Records excerpted from a collection
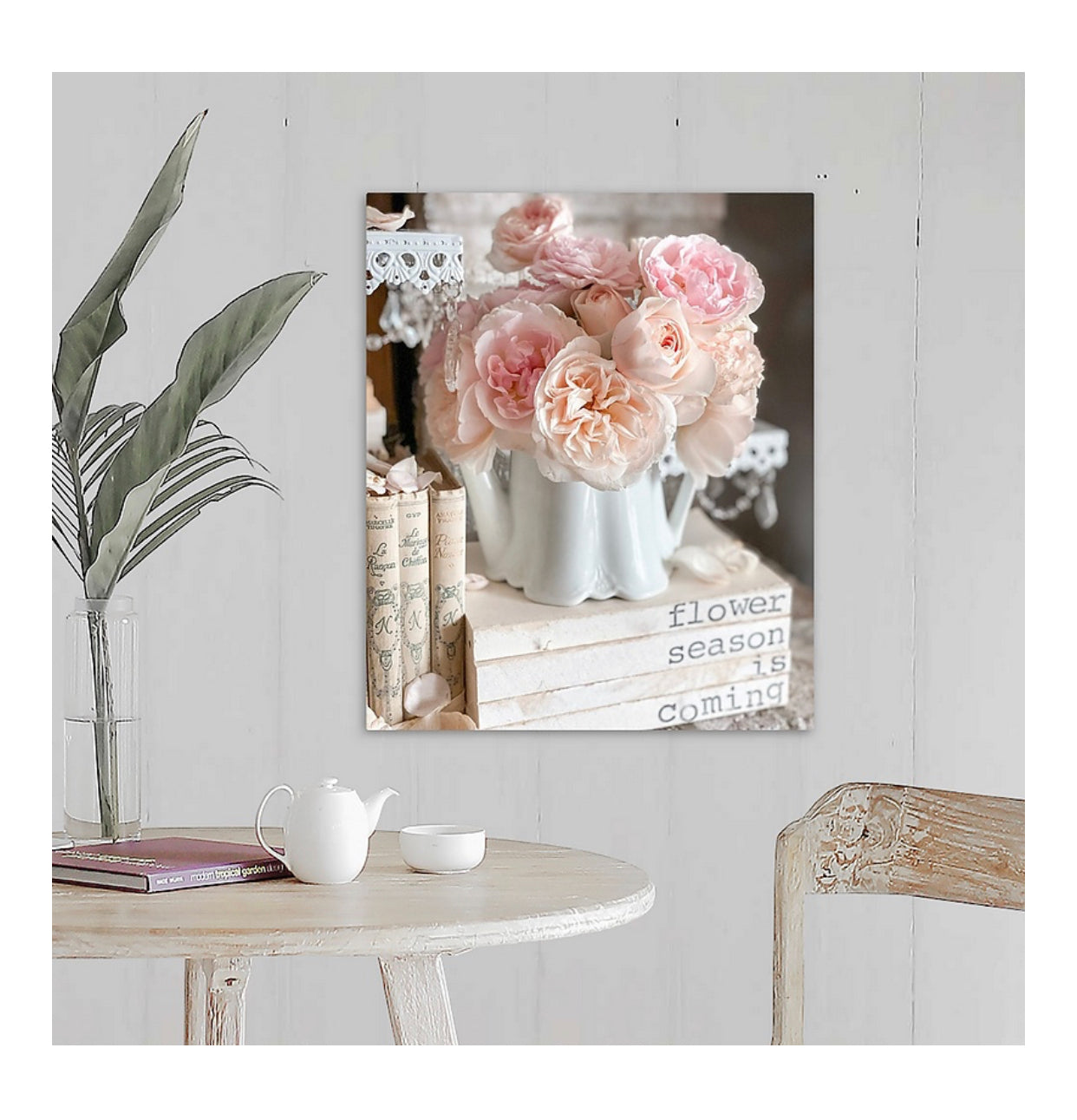 Blush Roses in White Teapot Gallery Wrapped Canvas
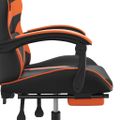 vidaXL Herná stolička s podnožkou čierna a oranžová látková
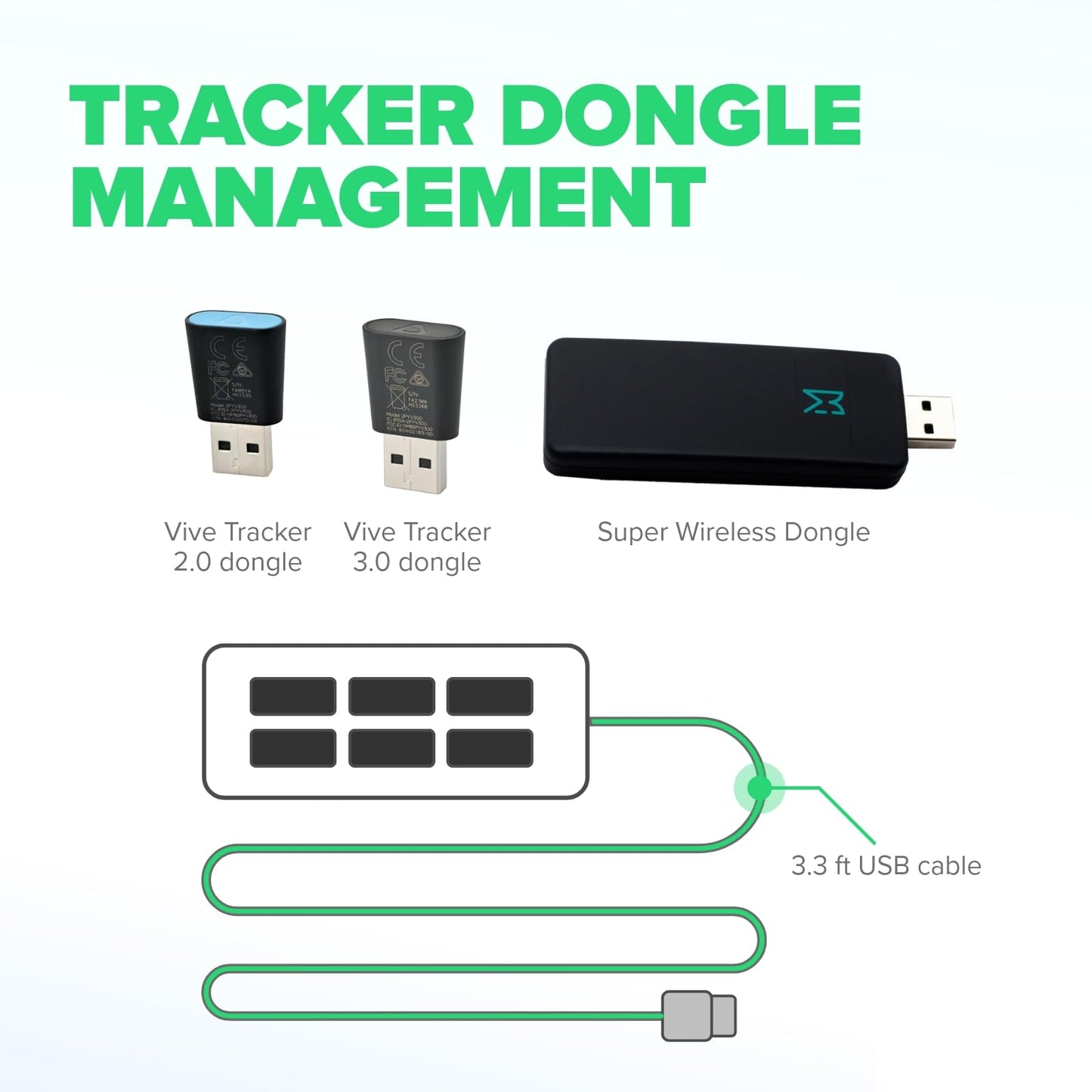 Rebuff Reality 7-Port USB Hub 3.0 with Smart Charging Port - Black, 31.5-inch Cable, Compatible with Vive Tracker 3.0 & VR Dongles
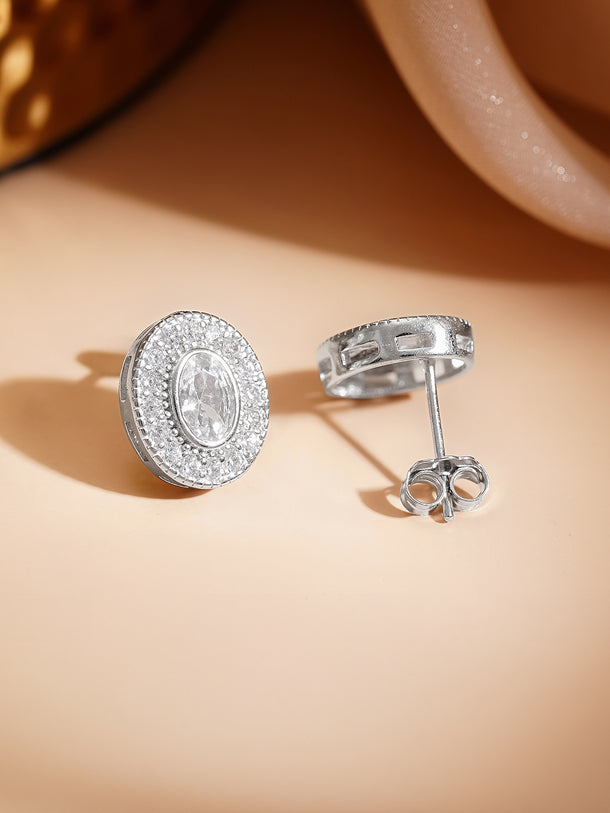 925 Fine Silver Radiant Crystal Stud Earrings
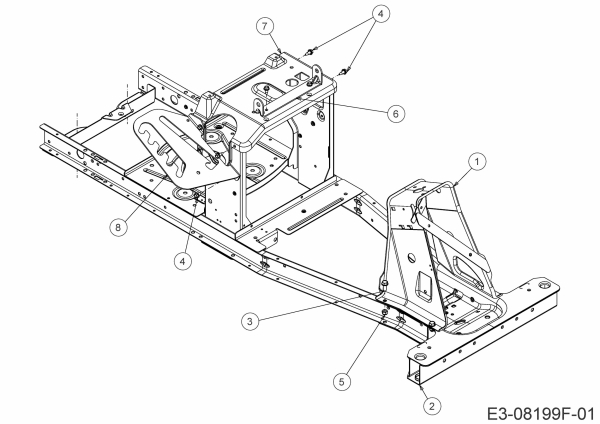 Ersatzteile MTD Rasentraktor Minirider 76 SDE Typ: 13C726JD600  (2020) Rahmen 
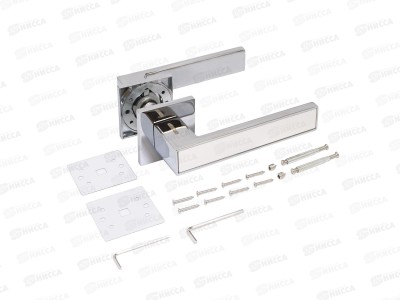 Ручки для дверей Аллюр Лана CP/W+L 45-8 CP (86211/S45) хром/бел 15713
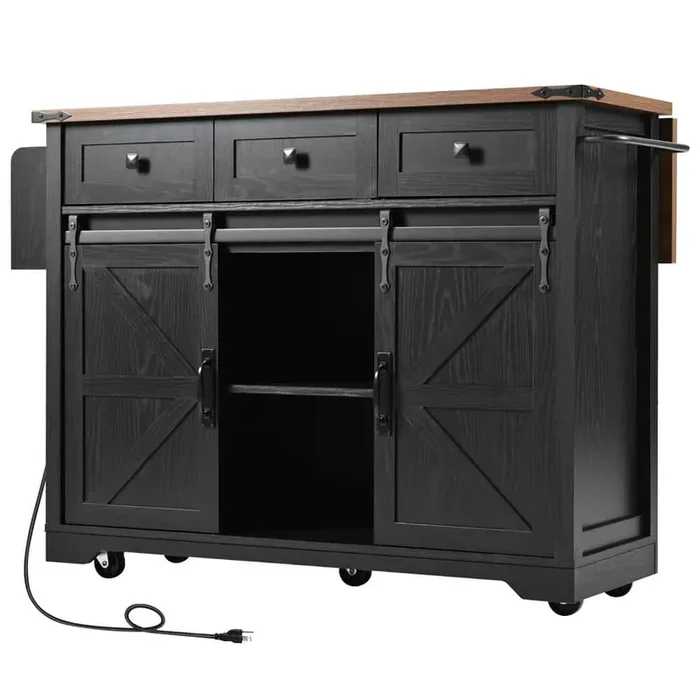 Black Wood 53.75 in. Kitchen Island with Power Outlet, 2 Sliding Barn Door, Drop Leaf, Spice Rack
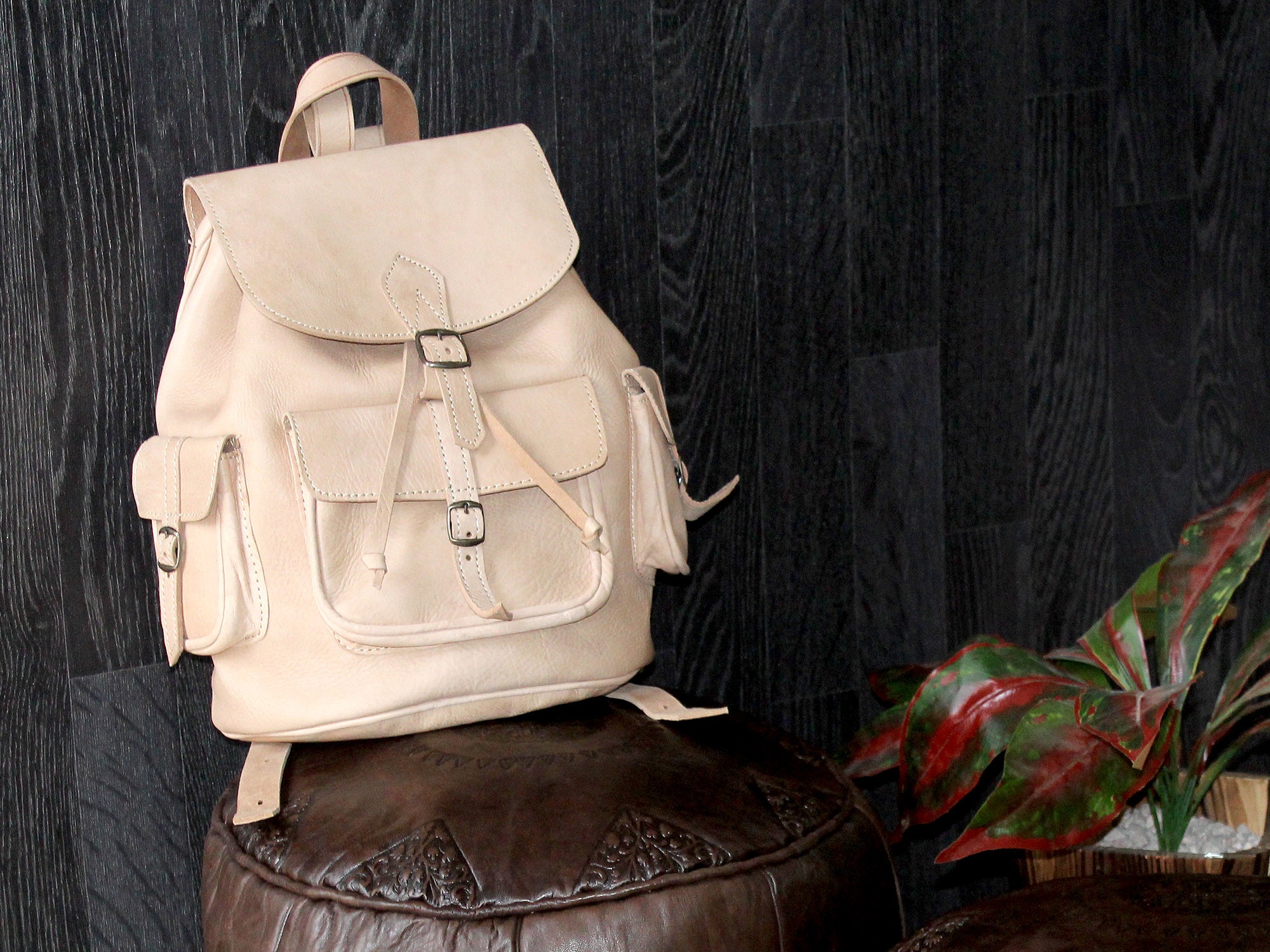 Womens Leather Backpack Beige Backpack Leather Backpack - Etsy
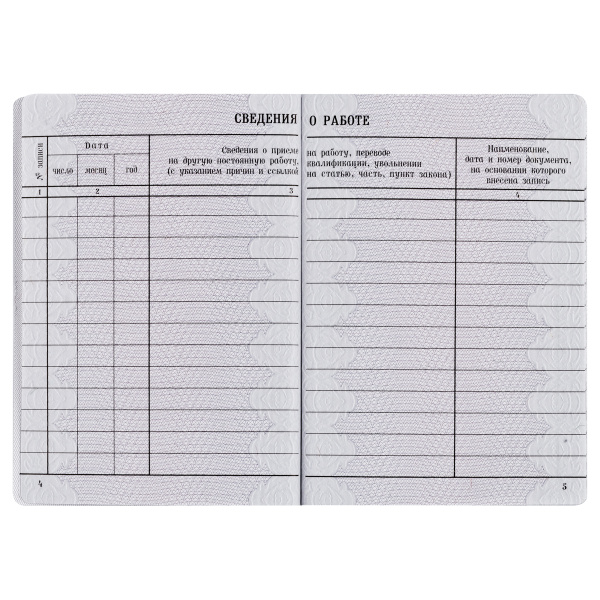 3_Бланк документа Вкладыш в трудовую книжку, 88_125мм 18л, ГОЗНАК (новый 2023г) Рельеф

- **Exercise brief**
Print all the records again exactly; do not include any picture.

- **Solved exercise**
 Blush Roses in White Teapot Gallery Wrapped Canvas
 vidaXL Herná stolička s podnožkou čierna a oranžová látková
 Rebuff Reality 7-Port USB Hub 3.0 with Smart Charging Port - Black, 31.5-inch Cable, Compatible with Vive Tracker 3.0 & VR Dongles
 925 Fine Silver Radiant Crystal Stud Earrings
 Ersatzteile MTD Rasentraktor Minirider 76 SDE Typ: 13C726JD600  (2020) Rahmen 
 Ручки для дверей Аллюр Лана CP/W+L 45-8 CP (86211/S45) хром/бел 15713
 Black Wood 53.75 in. Kitchen Island with Power Outlet, 2 Sliding Barn Door, Drop Leaf, Spice Rack
 Womens Leather Backpack Beige Backpack Leather Backpack - Etsy
 3_Бланк документа Вкладыш в трудовую книжку, 88_125мм 18л, ГОЗНАК (новый 2023г) Рельеф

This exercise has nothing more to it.